Stacey, who was a senior journalist with the Evening Press for more than 40 years, was remembered with respect and fondness by City of York councillors who worked with him as he reported on local politics.

Coun Ken Cooper, who knew him for more than 25 years, said: "This is such a sad shock.

"I feel like I have lost a very close friend. He was a great man and this really is a terrible loss for the whole city.

"In my view he was the best political correspondent we in York have ever had. He was always very fair and meticulous in everything he reported and he was extremely well respected.

"Stacey loved this city and this news will shock a lot of people."

Coun Gerald Dean said: "Stacey Brewer was a most admired member of our York community and he will be greatly missed.

"He was a journalist and writer par excellence and so much a part of the news scene in York for so many years. All who knew him will be filled with sadness."

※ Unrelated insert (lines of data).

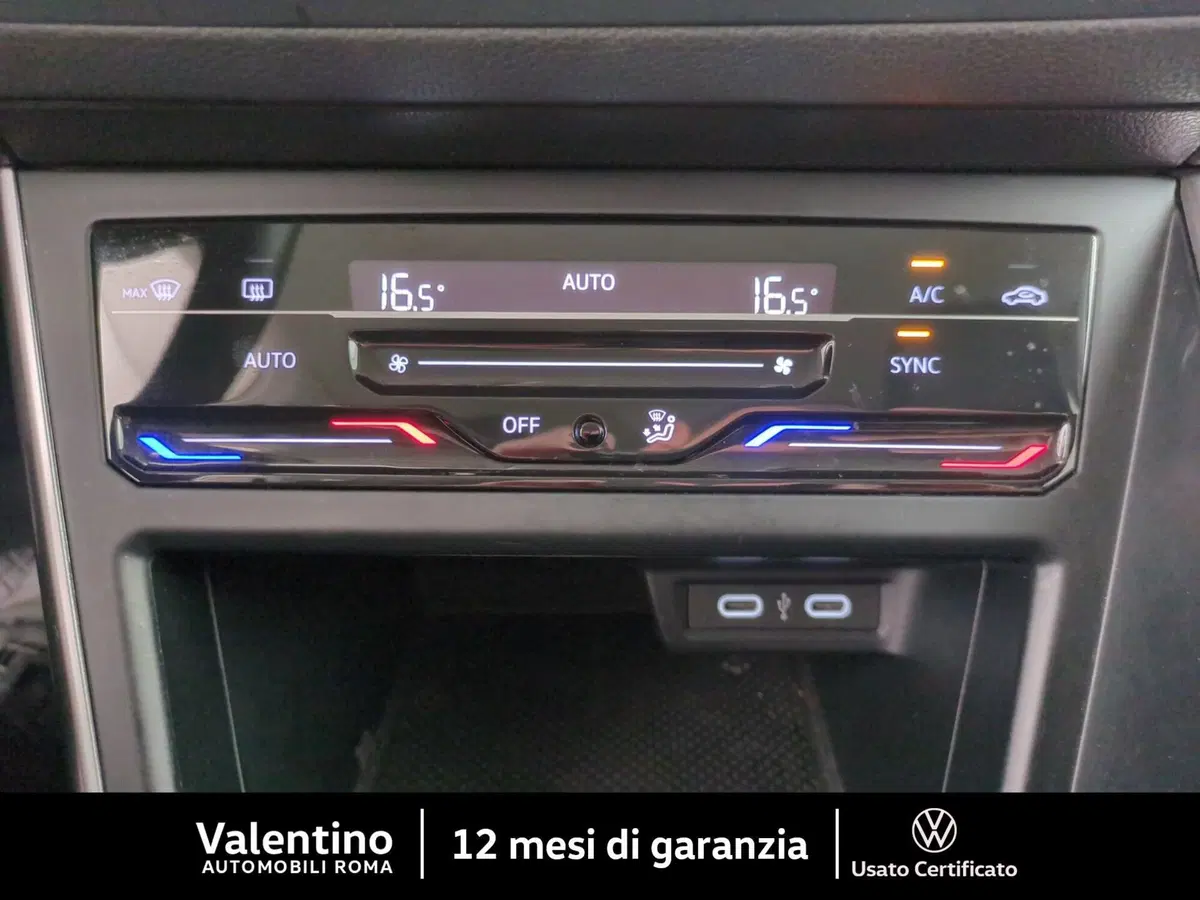 Volkswagen Polo usata a Roma (17)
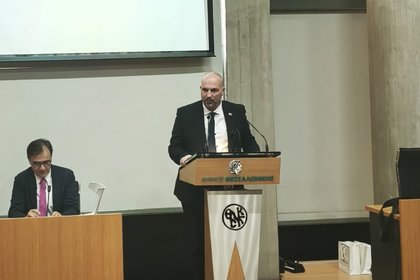 Среща в Община Солун на представители на Националната асоциация на Председателите на Общински съвети в Република България. 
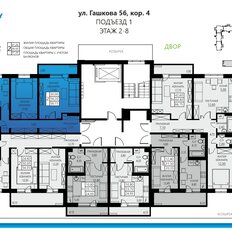 Квартира 58,2 м², 2-комнатная - изображение 2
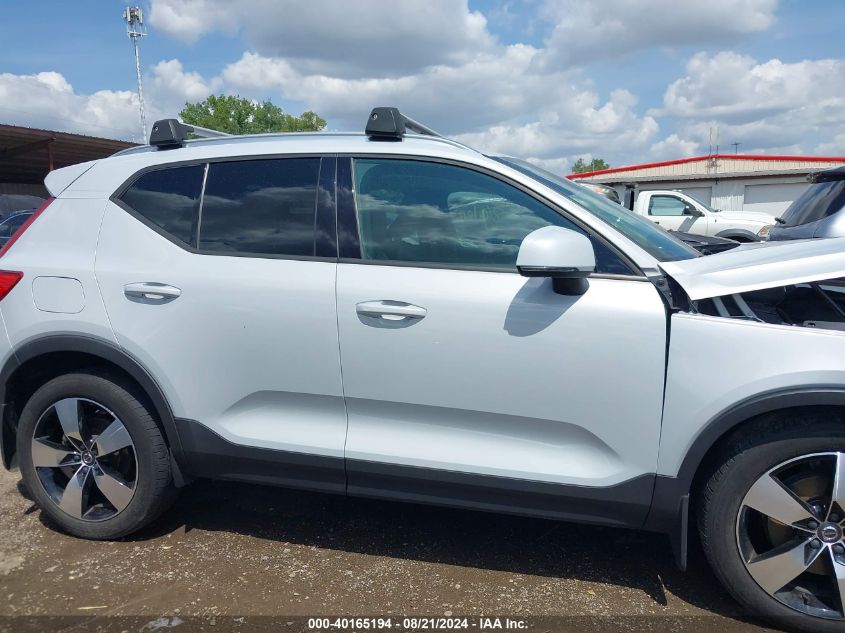 2020 Volvo Xc40 T5 Momentum VIN: YV4162UK1L2263193 Lot: 40165194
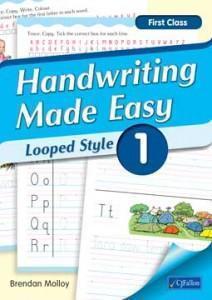 Handwriting Made Easy - Looped Style 1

Liberal Democrat leader Steve Galloway said: "Stacey was the prime correspondent for the Evening Press when I first joined the council in 1973 and he was enormously helpful to me in terms of my relationship with the press.

"He was very supportive and very professional and I think the York community was greater for him because there were things that would have escaped public attention if it hadn't been for his professionalism."